[Info-vax] OT: IA-128 ???
glen herrmannsfeldt
gah at ugcs.caltech.edu
Thu Oct 15 01:10:41 EDT 2009
Arne Vajh?j <arne at vajhoej.dk> wrote:
(snip)
< The general accepted definition of a X bit computer is the size
< of addresses not the size of registers.
I suppose so, but mostly on machines where the register size
equals the address size. Also, do you mean virtual address
size or physical address size?
< There are good practical reasons why they often are identical,
< but they do not have to be.
And for those machines where they aren't the question is open.

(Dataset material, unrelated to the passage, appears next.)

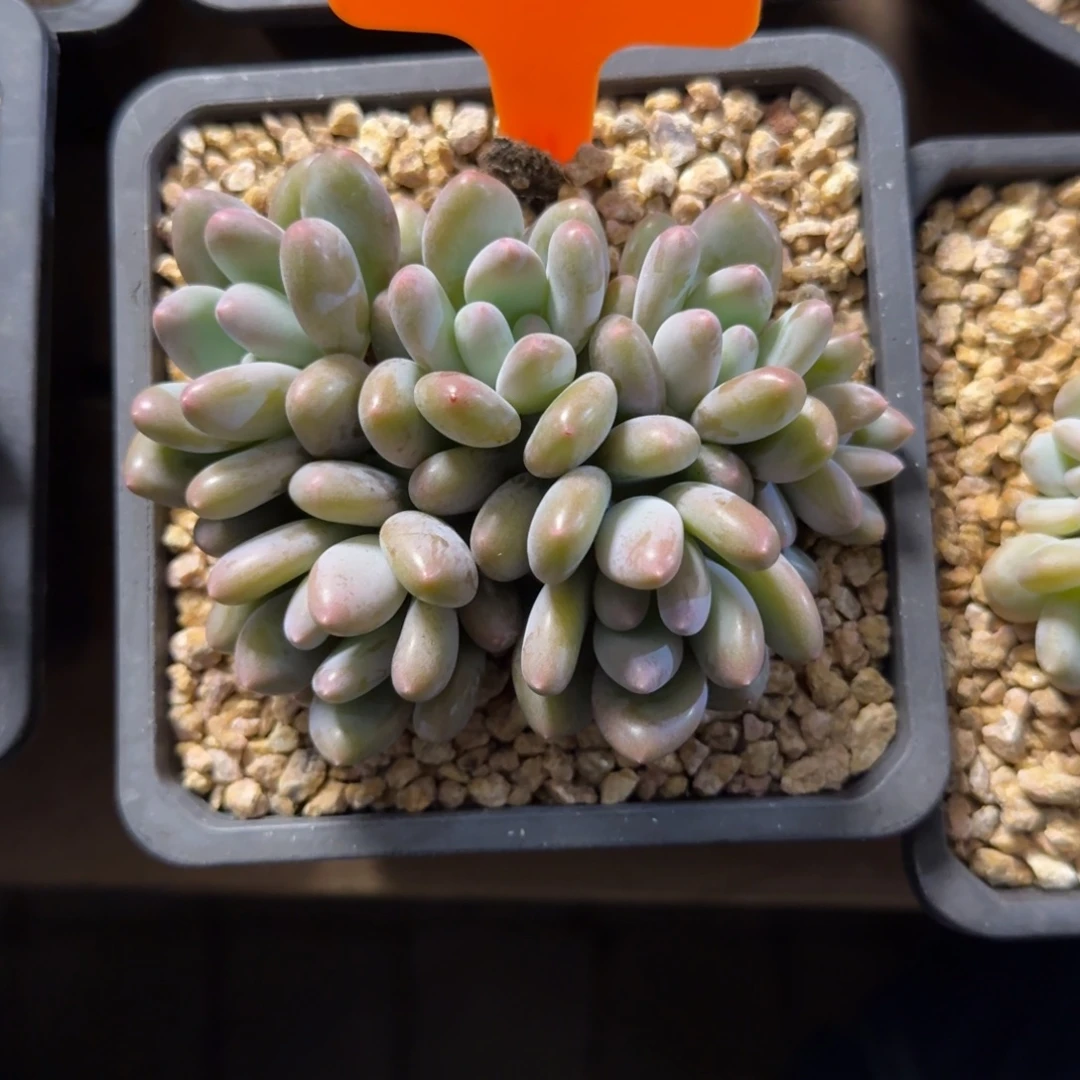 埃蒙德2222222222222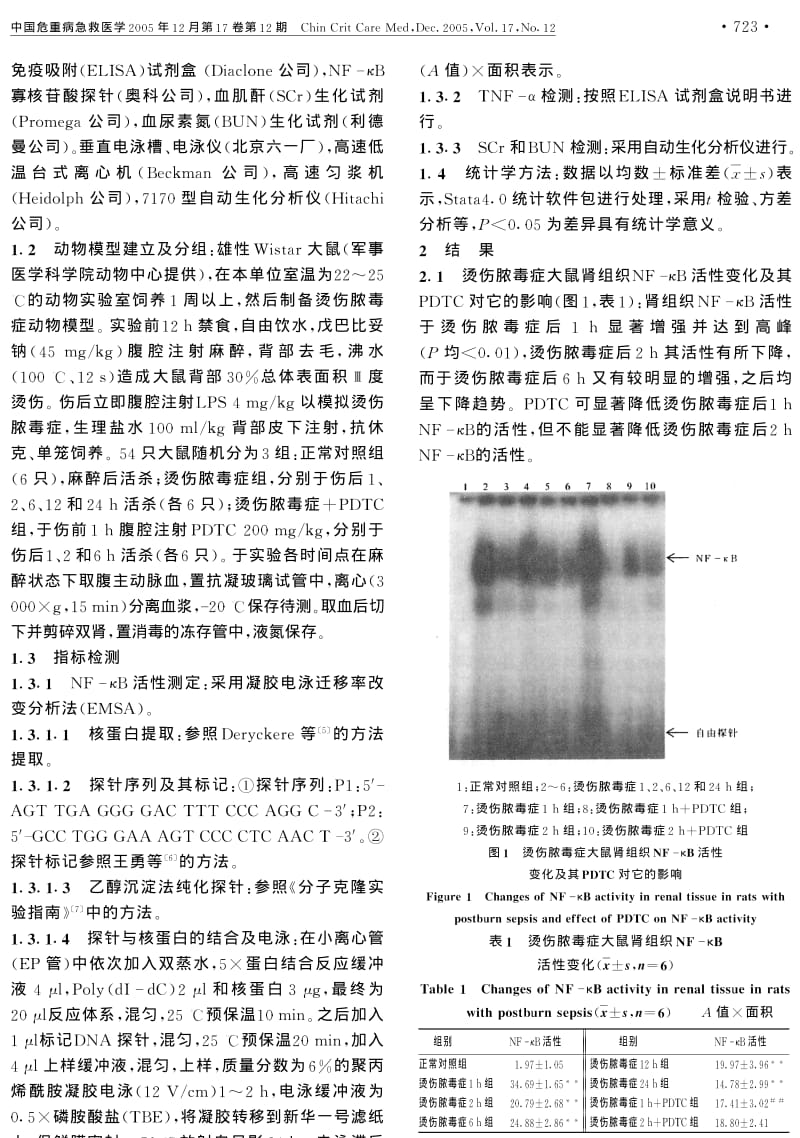 烫伤脓毒症大鼠肾脏核转录因子κB活化与肾损伤关系的研究.pdf_第2页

Consider processors like the 680x0 or some CRAY machines with A
registers (for addressing) and D registers (for data) that might
have different sizes.
< Even a VAX has somewhat 64 bit general register because q operations
< could use Rn and Rn+1.
That pretty much doesn't count unless at least add, subtract,
multiply, and divide can be done on the full size.
Motorola liked to call the 6809 the missing link between 8
and 16 bit processors. Among others, it had a fairly complete
set of addressing modes including 16 bit index registers.
Also, an 8 by 8 multiply with 16 bit (unsigned) product,
pretty unusual as 8 bit processors go.
The 8086 has a 20 bit address space but was not considered
a 20 bit processor. IA32 processors starting with the PentiumPro
have a 36 bit physical address bus, but aren't 36 bit processors.